En plena crisis económica, un funcionario de Bucarest recibe la visita de un vecino que le solicita dinero para hacer frente a la hipoteca. Al protagonista le resulta imposible reunir la cantidad solicitada pero recibe otra propuesta: sufragar los gatos para encontrar el posible tesoro enterrado por un antepasado y repartirse el botín.

Si nos quedamos en la superficie de esta puesta en escena de Corneliu Porumboiu, uno de los cineastas más atractivos del actual panorama rumano, pensaremos en una historia donde sus protagonistas deben aplicarse para desenterrar un tesoro enterrado décadas atrás en un jardín. La aventura parece estar servida y, sin embargo, nos encontramos con una comedia dramática en la que el humor surge por sí solo, más por inercia que debido a forzar en demasía las situaciones. Su responsable no renuncia a sus orígenes, y todas las normas de su cine se aplican en este caso que le sirve, además, para repasar la historia reciente de su país.

Costi –Toma Cuzin- es un funcionario de Buscarest en plena crisis económica. Ha contribuido con su lectura a que su hijo Nicodim Toma- tenga como héroe a Robin Hood y una de esas noches en que se aplican en la narración de las aventuras del héroe británico, su esposa Radulca –Cristina Cuzina Toma- le advierte que uno de sus vecinos ha venido a verle. Adrián Negoescu –Adrian Purcarescu- le pide ochocientos euros para hacer frente a una hipoteca que no satisface desde hace tres años. Costi quiere ayudarle, pero no dispone de esa cantidad. Cuando Adrian le dice que satisfaga los gastos necesarios para encontrar un tesoro enterrado por su abuelo en la casa familiar y se repartan el botín, se afana para encontrar los medios necesarios para conseguirlo.

El protagonista vive en un edificio humilde, lo que no significa que se acerque al umbral de la pobreza. El hallazgo del tesoro puede servir, entre otras cosas, para darle una alegría al pequeño Alin, se hijo en la vida real, como también es su esposa la mujer que interpreta a Radulca. Necesita un detector de metales, y Cornel –Corneliu Cozmei-, un empleado de la empresa, se ofrece a percibir en negro la mistad de lo estipulado siempre que el trabajo se efectúe en fin de semana.
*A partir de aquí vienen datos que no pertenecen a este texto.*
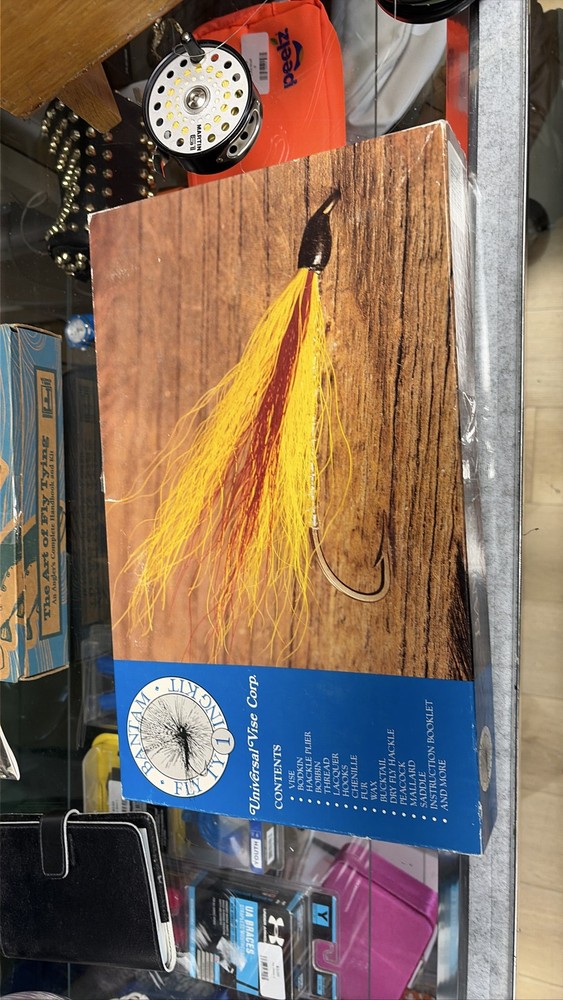 Vintage Universal Vise Bantam 1 Fly Tying Kit Tools Materials (both boxes)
Los tres se dirigen a la casa de los abuelos de Adrián, situada a poco más de hora y media de distancia y, con las herramientas necesarias, se centran en el jardín para hallar la ubicación del posible tesoro. No muestran aspiraciones ocultas. Dejando aparte las discusiones que se producen en una convivencia nerviosa, ninguno de ellos pretende jugársela a los demás. Saben cuál es su lugar y a lo que cada uno está obligado según su puesto y condición.

Una historia escueta, con una realización tan minimalista como el propio argumento y la interpretación exigida a los actores. Porumboiu no muestra un objeto de más en su puesta en escena. Todo está simplificado al máximo, incluidos los diálogos. No necesita demasiados planos para narran unos acontecimientos que se disponen a la comedia por lo absurdo de algunas situaciones que, sin embargo, son absolutamente entendibles y encajan en el conjunto sin desmerecer, como el diálogo de Costi con su jefe o las penalidades que sufren para entender los datos o los ruidos de los detectores.
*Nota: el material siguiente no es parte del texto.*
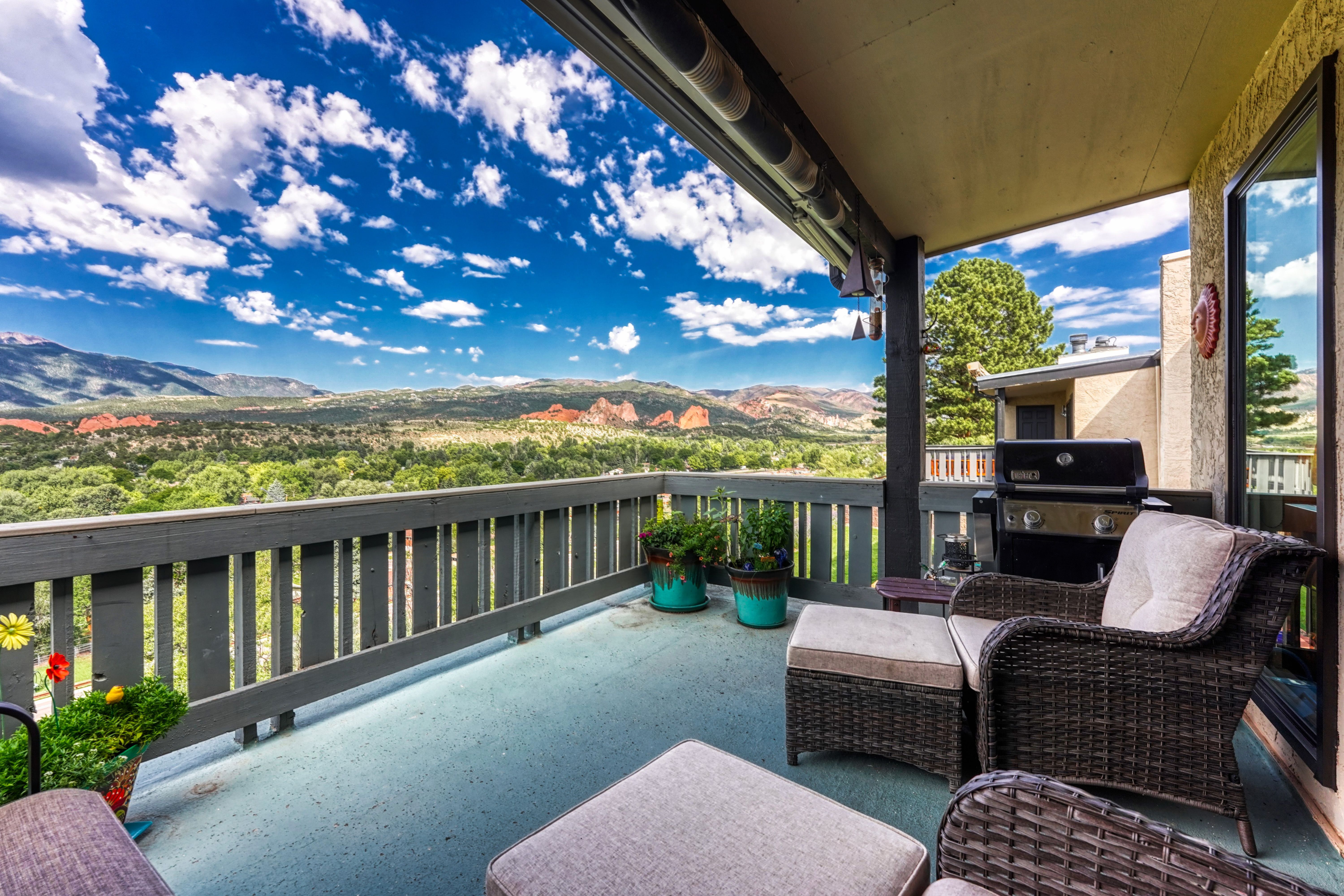 Unmatched Views, Thoughtfully Updated - 物件實景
También es habitual en el cineasta nacido en Vaslui que sus películas alberguen largos planos iniciales. A veces interminables. Es fiel a su sí mismo con la conversación entre Costi y Adrián, lo que le sirve igualmente para repasar la situación económica del país y los abusos de las entidades bancarias, que llegaron hasta el trece por ciento de interés en la hipoteca. Las referencias a la historia más reciente del país tampoco fallan. Con la cámara plantada en el jardín donde se supone que se encuentra el tesoro, alude desde la revolución liberal de Valaquia de 1848 a la nacionalización de la propiedad dictaminada por los comunistas y su posterior reposición a partir de 1989.
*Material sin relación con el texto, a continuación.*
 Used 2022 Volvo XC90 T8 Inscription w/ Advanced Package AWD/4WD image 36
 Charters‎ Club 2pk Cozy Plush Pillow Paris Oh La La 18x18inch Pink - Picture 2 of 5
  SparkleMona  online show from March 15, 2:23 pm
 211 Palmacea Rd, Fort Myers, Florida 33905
Al final, quedan los rescoldos de la historia de Robin Hood en un final entrañable que a muchos les parecerá de difícil aceptación. El conjunto no deja de ser un film simple con muchas lecturas interiores, lo que le proporciona un valor intrínseco a pesar de que en una primera lectura todo parece demasiado esquemático. Partiendo de una historia manida, especialmente en el cine acción, el resultado es un pequeño tesoro por la originalidad que emana y por una narración muy cómplice con lo que objetivamente se quiere contar.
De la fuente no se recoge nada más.